About this task => Nothing but the records beneath, reproduced exactly, should appear in the answer.

Short web captions:
+++

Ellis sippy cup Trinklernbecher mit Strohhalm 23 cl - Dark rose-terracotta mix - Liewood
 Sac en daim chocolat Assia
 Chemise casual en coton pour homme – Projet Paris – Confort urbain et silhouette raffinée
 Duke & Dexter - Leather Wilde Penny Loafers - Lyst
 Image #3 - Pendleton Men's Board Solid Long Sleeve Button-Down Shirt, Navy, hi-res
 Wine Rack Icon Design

+++

Output for this exercise =>
Ellis sippy cup Trinklernbecher mit Strohhalm 23 cl - Dark rose-terracotta mix - Liewood
 Sac en daim chocolat Assia
 Chemise casual en coton pour homme – Projet Paris – Confort urbain et silhouette raffinée
 Duke & Dexter - Leather Wilde Penny Loafers - Lyst
 Image #3 - Pendleton Men's Board Solid Long Sleeve Button-Down Shirt, Navy, hi-res
 Wine Rack Icon Design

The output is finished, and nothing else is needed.